One day there was a terrible accident at the plant. One of the crane operators lost a load of steel, poured it all over. It just streamed everywhere, put a lot of lives in danger. After the accident they took him to the doctor and he was examined carefully. They found that he was losing his eyesight, that he couldn’t see that far away in the brightness to pour the steel. They had to take him off the crane and needed an immediate replacement. They looked around and there wasn’t anyone but women. The men they still had were on jobs where they couldn’t be replaced.

By this time I had moved up to operating a fifty-ton crane and I had learned the language of the foundry, the sign language with which you communicate to your rigger or chainman. So they offered the job to me, and I took it. Pouring steel was the hardest job in the mill, and the men said, “It’s too big a responsibility for a woman. She’ll never last.” But I did.

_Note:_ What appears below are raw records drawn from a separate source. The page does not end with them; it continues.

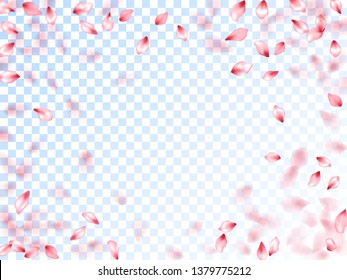 Pink sakura petals falling vector graphics. Spring tree bloom flower elements. Sakura flying petals isolated on transparent background. Romantic wedding decoration. Invitation card background.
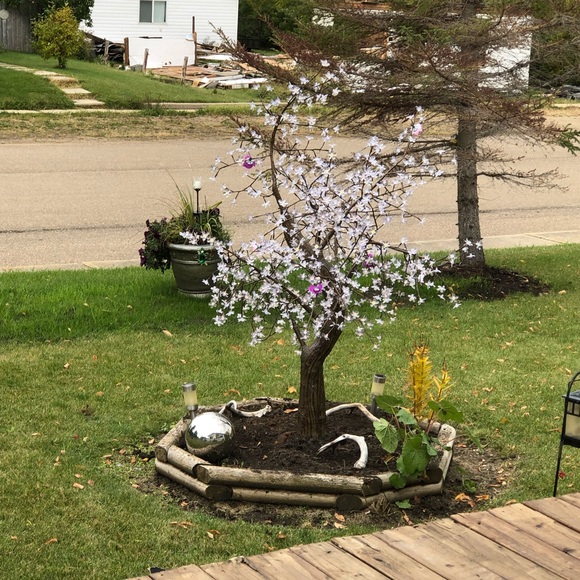 Meet your Posher, Jeanette - Picture 1 of 1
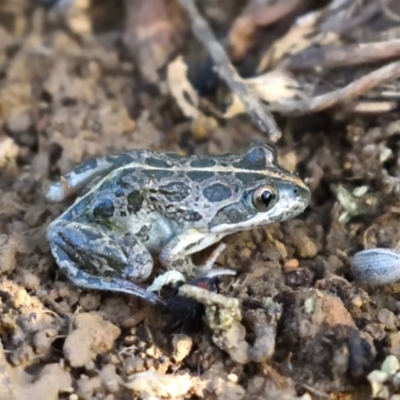 Limnodynastes tasmaniensis (Spotted Grass Frog) at Jerrabomberra Wetlands - 4 Oct 2021 by davidcunninghamwildlife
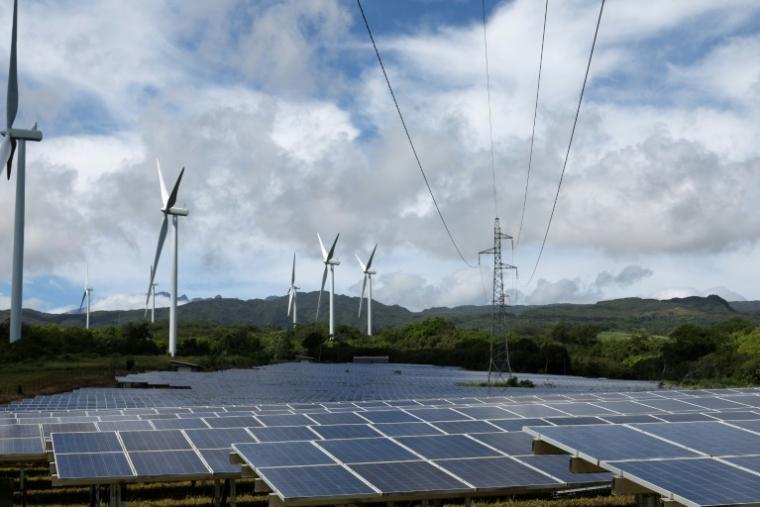 Des éoliennes et des panneaux solaires à Sainte-Suzanne, à la Réunion, le 22 janvier 2025 ( AFP / Richard BOUHET )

The hardest part for me was sanding the rails. The rails are what the wheels of the crane run on. They’re way up in the air over the concrete floor and they have to be sanded every eight-hour shift, because if your rails get too slick, your hook will slide. That was the first time I had a crane with railings before, and when I found out that the operators had to sand them, I was almost scared to death. I thought, “I can’t do that. I can’t look down at that concrete and put this little bucket of sand up and down. I just can’t do it.” And one of the men said, “Well, that’ll get her. She’ll never sand them tracks.” That’s what made me sand them. After that I had to. I had to show them I could do it.

It took a while to be accepted. We had a big coke stove and we’d gather around it to get warm. On occasion, when I had time to come down and take my breaks, the men would stand so close together around the stove that there wasn’t room for me. So I just leaned up against the wall. The wall was warmer than where they were standing anyway because it had absorbed the heat from all the hours the fire had been going. So I would lean up against the wall and laugh at their jokes. And I would offer them a doughnut if I had one and so forth. So actually I made the overtures. And after a while they began to accept me.

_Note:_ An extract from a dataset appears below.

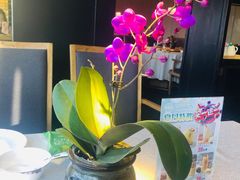 -粤秀餐厅(国货店)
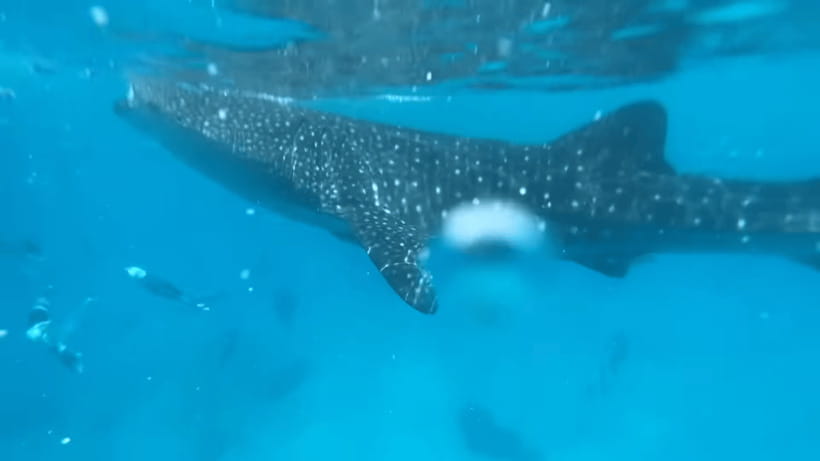Cebu: Oslob Whale Shark and Moalboal Snorkeling Tour - Price and what your $117 actually buys in Cebu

During the war the morale inside the plants was extremely high. Not just myself, but everybody, gave everything they had. They wanted to do it. Today you don’t sit around and talk about patriotism while you’re drinking a beer, but you did back then. I mean you had a neighbor next door—maybe he lived states and states away—and if you were like me, often you couldn’t understand what he said, but you had this great thing in common. You were all pulling together for one great war effort.

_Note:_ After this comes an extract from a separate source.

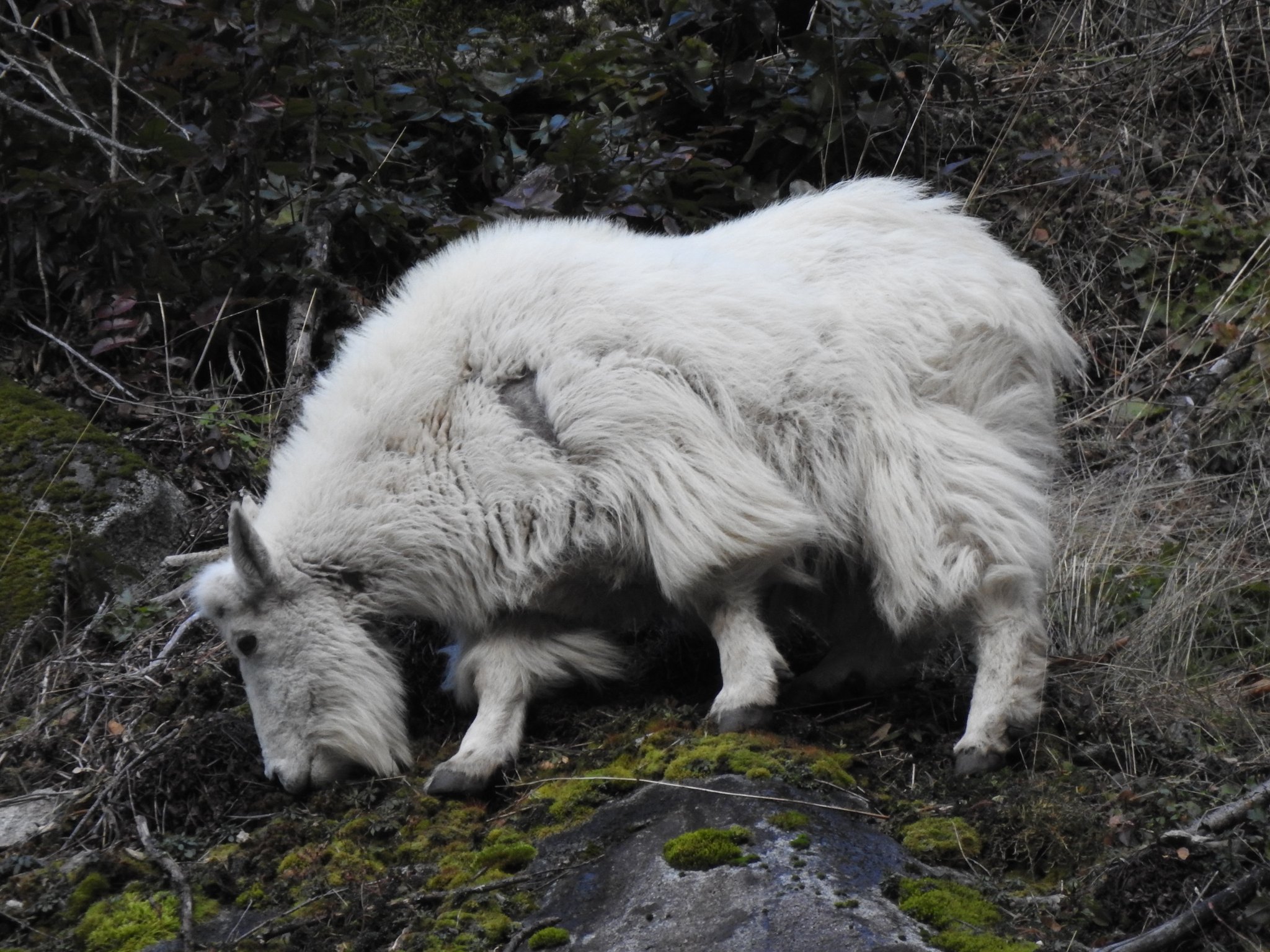 ZORN area area goat remix武道館MACCHO NR3YUKLMW5EA3AJIESIUMSK2SE.jpg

I was never absent, and I wasn’t unique in that. There was very little absenteeism where I worked. If I woke up in the morning and I didn’t feel too good and I really didn’t want to work, I could make myself go by thinking, “What about those boys who are getting up at five o’clock, maybe haven’t even been to bed? Maybe they’re leaning their chin on a bayonet just to stay awake on watch. I don’t even know their names. They don’t even have faces to me, but they’re out there somewhere overseas. And I’m saying that I don’t feel like going to work today because I’ve got a headache?” That would get me out of bed and into work. And by the time I’d stayed there a couple of hours, it was okay. I was going to make it So I never stayed at home.

There was only one really difficult problem with working. That was leaving my two-and-one-half-year-old daughter. When a mother goes away from home and starts to work for her first time, there is always a feeling of guilt. Any mother that has ever done this has had this feeling. I couldn’t cope with it at first.